A blood pressure of 111/64 mmHg is a good reading. It falls squarely in the “normal” category, which the American Heart Association defines as below 120/80 mmHg. Both your top number (systolic) and bottom number (diastolic) are well within healthy range, and this reading is associated with lower long-term risk of heart disease and stroke.
What the Two Numbers Mean
The first number, 111, is your systolic pressure. It measures the force of blood pushing against your artery walls when your heart beats. The second number, 64, is your diastolic pressure, measured between heartbeats when your heart is filling with blood. A healthy systolic pressure is below 120, and a healthy diastolic pressure is below 80. Your reading hits both targets.
For context, here’s where the categories fall:
- Normal: below 120 systolic and below 80 diastolic
- Elevated: 120 to 129 systolic and below 80 diastolic
- Hypertension Stage 1: 130 to 139 systolic or 80 to 89 diastolic
- Hypertension Stage 2: 140 or higher systolic or 90 or higher diastolic
These categories apply to all adults regardless of age. Older guidelines used to set a higher threshold for people over 65, but current recommendations use the same numbers for everyone.
Why This Range Is Protective
A systolic reading near 110 to 120 puts you in a range linked to meaningful health benefits.

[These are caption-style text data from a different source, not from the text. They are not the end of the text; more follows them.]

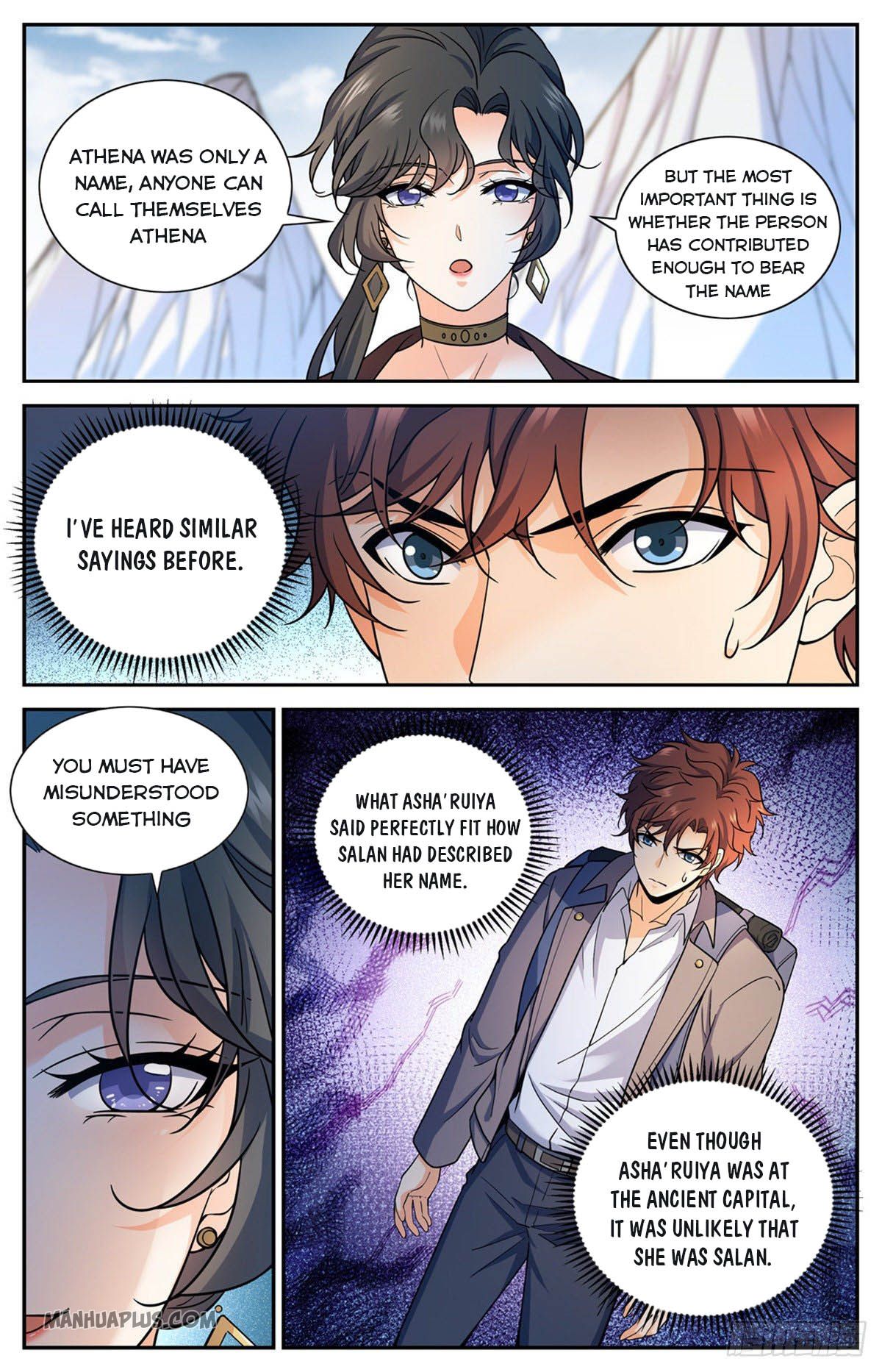 Page 7 of Chapter 673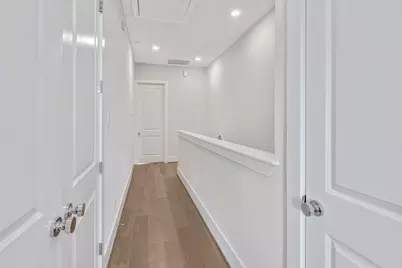 1236 W 21st Street, Houston, TX 77008 - Photo 9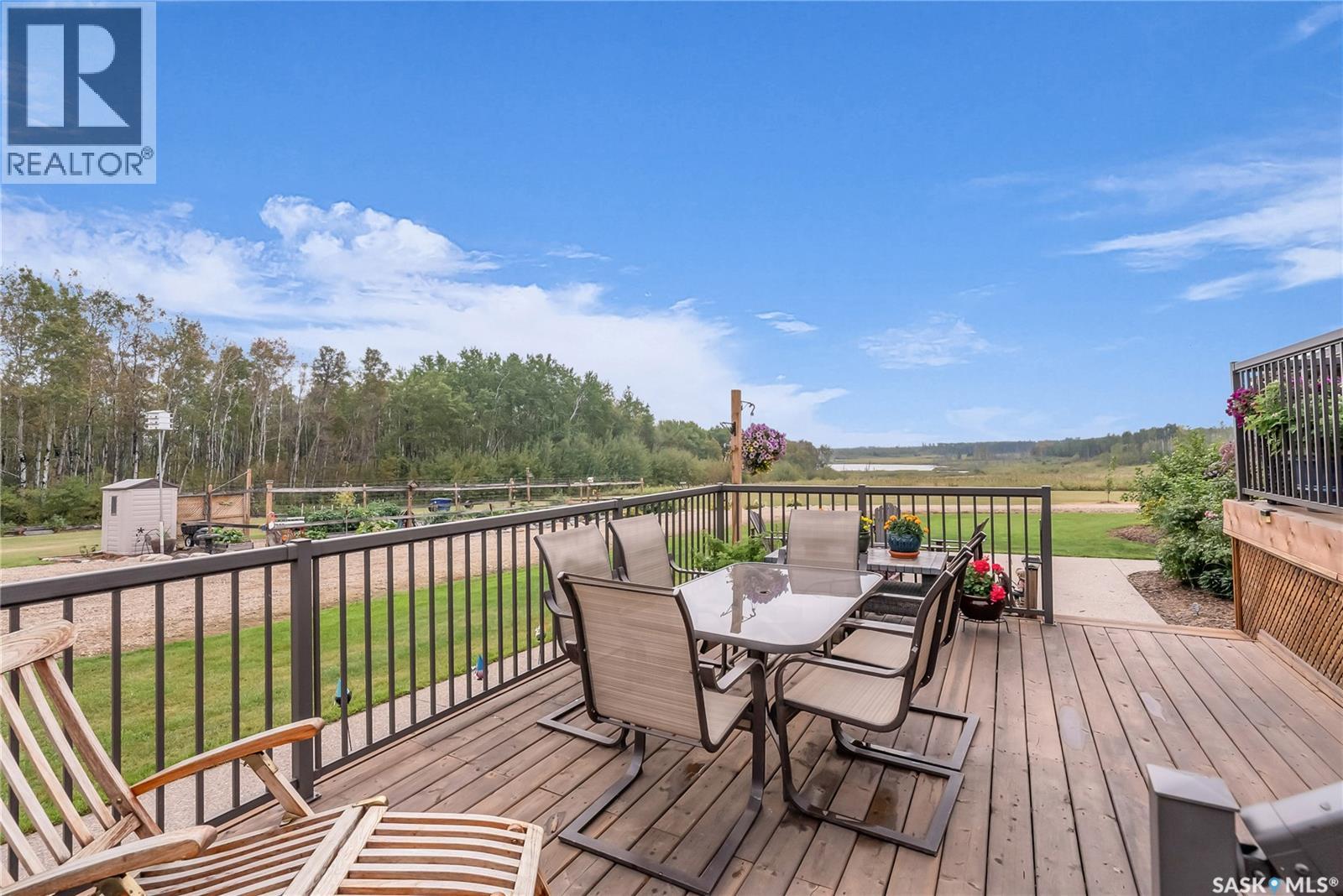 115 South Shore Drive, Paddockwood Rm No. 520, Saskatchewan  S0J 0N0 - Photo 35 - SK027766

A large 2015 study found that keeping systolic pressure at or below 120 significantly reduced heart attacks and strokes compared to a more relaxed target of 140. More recent research has added another benefit: a 15% drop in dementia risk when blood pressure stays under tighter control. At 111 systolic, you’re right in that protective zone without being so low that it causes problems.
Is 64 Diastolic Too Low?
Some people see a diastolic number in the 60s and worry it’s too low. In most cases, it’s not. There is no firm numerical cutoff for “too low” blood pressure. Most doctors consider blood pressure too low only when it causes symptoms like dizziness, fainting, blurred vision, fatigue, or trouble concentrating. If you feel fine at 111/64, the reading is working well for you.
The gap between your two numbers (called pulse pressure) is also worth noting. Yours is 47, calculated by subtracting 64 from 111. A normal pulse pressure is around 40. Readings above 60 become a risk factor for heart disease, particularly in older adults. At 47, yours is slightly above the textbook ideal but well below the concerning threshold.
When a Normal Reading Could Be Misleading
A single blood pressure reading is a snapshot, not the full picture. Your numbers fluctuate throughout the day based on stress, hydration, caffeine, activity level, and even whether you need to use the bathroom. To get a reliable baseline, several conditions matter: you should sit quietly for three to five minutes before the reading, keep your feet flat on the floor, rest your arm on a surface at chest height, and avoid caffeine, exercise, or smoking for at least 30 minutes beforehand. Talking during the measurement can also skew results.
Cuff size matters too. If the cuff is too small for your arm, the reading may come back artificially high. If it’s too large, it may read lower than your actual pressure. The cuff bladder should wrap around 75% to 100% of your upper arm.
If you took this reading under less-than-ideal conditions (standing up, right after coffee, using a wrist cuff), it’s worth repeating it properly to confirm.
Watch for Symptoms, Not Just Numbers
Even with a textbook-normal reading, pay attention to how you feel. Some people naturally run on the lower end and feel perfectly fine. Others may notice lightheadedness when standing up quickly (a condition called orthostatic hypotension) or after large meals. A sudden drop of just 20 mmHg from your baseline can cause dizziness or fainting, even if the resulting number still looks “normal” on paper.
Symptoms that would make any blood pressure reading worth discussing with a doctor include frequent dizziness, episodes of blurred or fading vision, unexplained fatigue, fainting, and trouble concentrating. In the absence of these symptoms, 111/64 is a reading most people would be happy to have.
How Often to Recheck
With a normal reading, you don’t need to obsess over daily monitoring. The CDC recommends talking with your healthcare provider about how often to measure, but for people without high blood pressure, a check at your regular annual visit is typically sufficient. If you have a home monitor, an occasional reading every few months helps you spot trends over time, which is more useful than any single number.